When the United States or its officer or agency is a party, the notice of appeal must be filed no more than sixty days after the entry of the district court’s final judgment or order, Fed. R.App. P. 4(a)(1)(B), unless the district court extends the appeal period under Fed. RApp. P. 4(a)(5), or reopens the appeal period under Fed. R. App. P. 4(a)(6). This appeal period is “mandatory and jurisdictional.” Browder v. Dir., Dep’t of Corr., 434 U.S. 257, 264, 98 S.Ct. 556, 54 L.Ed.2d 521 (1978) (quoting United States v. Robinson, 361 U.S. 220, 229, 80 S.Ct. 282, 4 L.Ed.2d 259 (I960)).
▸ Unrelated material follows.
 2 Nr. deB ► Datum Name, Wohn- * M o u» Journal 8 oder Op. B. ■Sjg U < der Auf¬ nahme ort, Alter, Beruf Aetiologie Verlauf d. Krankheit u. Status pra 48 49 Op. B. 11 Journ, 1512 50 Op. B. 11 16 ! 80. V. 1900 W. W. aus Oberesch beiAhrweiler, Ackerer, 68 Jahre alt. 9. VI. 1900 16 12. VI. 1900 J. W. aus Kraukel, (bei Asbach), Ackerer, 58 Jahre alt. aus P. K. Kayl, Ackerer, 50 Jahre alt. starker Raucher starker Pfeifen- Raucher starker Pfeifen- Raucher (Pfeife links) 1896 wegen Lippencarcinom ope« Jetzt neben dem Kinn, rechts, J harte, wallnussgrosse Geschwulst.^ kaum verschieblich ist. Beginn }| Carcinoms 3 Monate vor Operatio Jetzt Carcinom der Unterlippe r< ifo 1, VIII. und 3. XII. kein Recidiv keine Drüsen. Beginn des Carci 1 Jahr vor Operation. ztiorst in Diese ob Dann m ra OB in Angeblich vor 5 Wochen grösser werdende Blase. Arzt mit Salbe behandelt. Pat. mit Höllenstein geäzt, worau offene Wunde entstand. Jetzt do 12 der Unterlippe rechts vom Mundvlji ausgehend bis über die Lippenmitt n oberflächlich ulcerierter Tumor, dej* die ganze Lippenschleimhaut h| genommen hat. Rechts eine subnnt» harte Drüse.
The district court’s order denying Hoggard’s § 2255 motion was entered December 13, 2005, and the sixty-day appeal period expired on February 13, 2006. We initially remanded this case to the district court to determine whether Hoggard timely filed his notice of appeal. See United States v. Hoggard, 195 Fed.Appx. 137, (4th Cir.2006) (unpublished). On remand, the district court determined that the notice of appeal was filed on February 17, 2006, several days after the sixty-day appeal period expired. Hoggard does not challenge this factual finding. Because Hoggard failed to file a timely notice of appeal or to obtain an extension or reopening of the appeal period, we dismiss the appeal. We dispense with oral argument because the facts and legal contentions are adequately presented in the materials before the court and argument would not aid the decisional process.

DISMISSED. 
      
       Because the sixtieth day of the appeal period fell on Saturday, February 11, 2006, Hoggard had until Monday, February 13, to timely file his notice of appeal. See Fed. R.App. P. 26(a)(3).